Gone with the Wind Revisited

martes, 28 de agosto de 2012 - Publicado por BabeDeJour en 13:41


Si Casablanca fue la película de mi infancia para irse convirtiendo en la de la nostalgia, Gone with the Wind (Lo que el viento se llevó) es, sin duda alguna, la película landmark de mi adolescencia.
Es un cálculo básico, tanto como puede serlo que la novela icónica de la adolescencia de alguna mujer sea de autoría de alguna Brontë o de Jane Austen: es una de estas historias increíblemente melodramáticas acerca de una mujer de carácter fuerte que finalmente encuentra al amante-rival, el que le agarra el tumba’o – porque resulta que el subtexto dentro de la historia de Margaret Mitchell te dice que el único que podría no sólo calarse a Scarlett O’Hara sino sobre todo meterla en cintura es ese tal Rhett Butler.
Sucede que este es mi segundo intento de escribir algo acerca de Lo que el viento se llevó.
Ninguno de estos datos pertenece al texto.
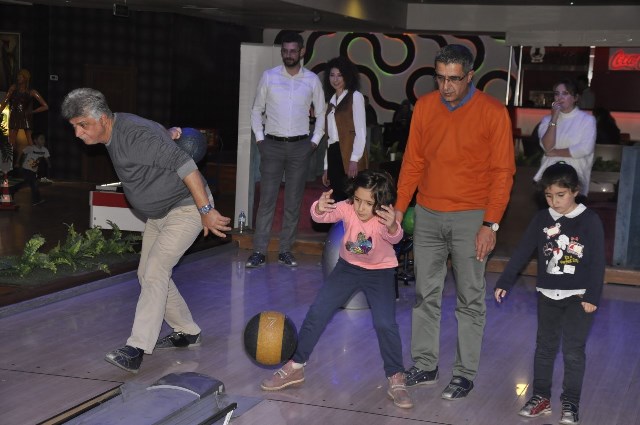 makine-muhendisleri-bowling-turnuvasinda-bulustu-(2).jpg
Pasa que años después de verla por primera vez a los doce o trece años, cuando he regresado a ella mis reacciones han sido visceralmente cambiantes, acaso porque es el gran pilar que queda de la época más rocosa que tenemos todos. En la adolescencia sufrí amargamente con Scarlett por no entender por qué Rhett se iba; después de pasar por mi primera relación difícil, odié a Scarlett por idiota y malcriada; alguna otra vez no entendí por qué la historia de Mitchell había ejercido ese efecto en mí… y, hace dos semanas, llegué a la conclusión lapidaria (quién sabe por cuánto) de que se trata de un cuento enredado de malcriados.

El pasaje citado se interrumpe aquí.